If you let us know your plans we can work something out together or provision a cluster with more headroom during PyCon or …
Be awesome and thanks for helping us help you help others learn more about Python!
I’ll be at PyCon Wd-Sun – and I have Jupyter stickers – I’ll be teaching Thursday morning 6-9:20 Pacific, 9-12:20 Localtime; not planning on using Binder.
I’m presenting a tutorial 1-4 on Wednesday
“analyzing census data with pandas”
I plan on using binder for it fingers crossed for the wifi
it’s 50 people max
I have a back up plan but I really really want to use mybinder
it went great for me! The wifi was great on my room so no hiccups there. Everyone seemed to like it - not installing anything and stuff. Some people didn’t know about mybinder and I took a min to explain how great it is
Mine went fantastic, no hiccups and I think 90% of people had everything loaded about 5 minutes into the tutorial. Binder is such an awesome service and I’m happy to tell any funding agencies the same thing if you ask .
Most of the problems I had were people using Jupyter locally, which was fixed by “try opening the binder”. I forgot to suggest that they try downloading their work materials, but either people figured it out or they didn’t care.
The only time I had a problem I couldn’t solve was someone whose corporate laptop was configured to block both github and mybinder.org, and there wasn’t much I could do about it.

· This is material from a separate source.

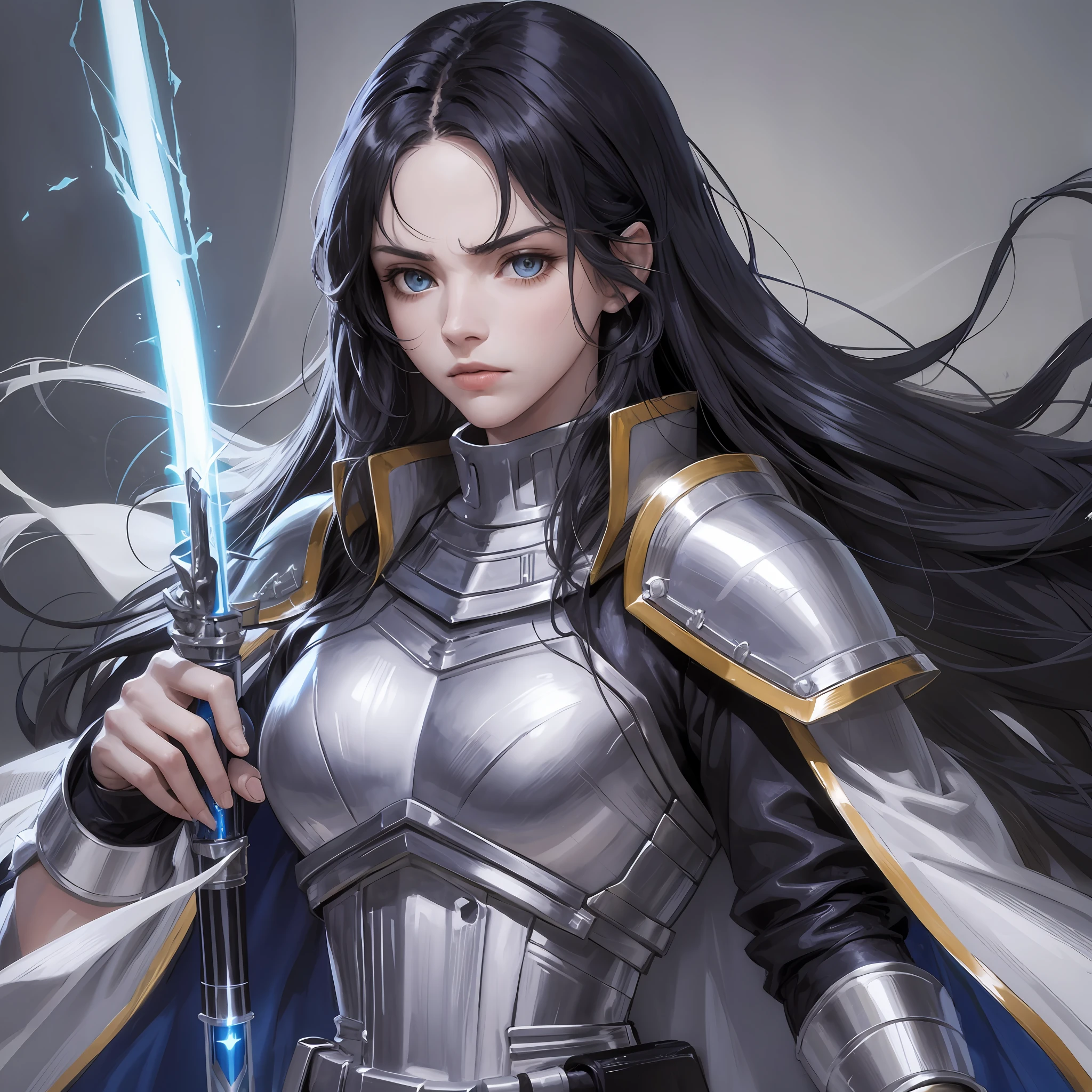 Blue lightsaber in hand, 5 fingers, long hair, serious face, combat attire, black hair, bright golden eyes, white armor, cloak, adult woman --auto --s2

Thursday afternoon (1:20pm-4:40pm EDT) at PyCon, I’ll be teaching Data Science Best Practices with pandas. My repo has a Binder link, though I assume usage will be relatively low since I’ve been reminding people again and again to make sure everything is installed ahead of time! (I didn’t want to assume good wifi or require people to use Jupyter notebook for the tutorial, thus Binder is what I’m recommending as a backup option.)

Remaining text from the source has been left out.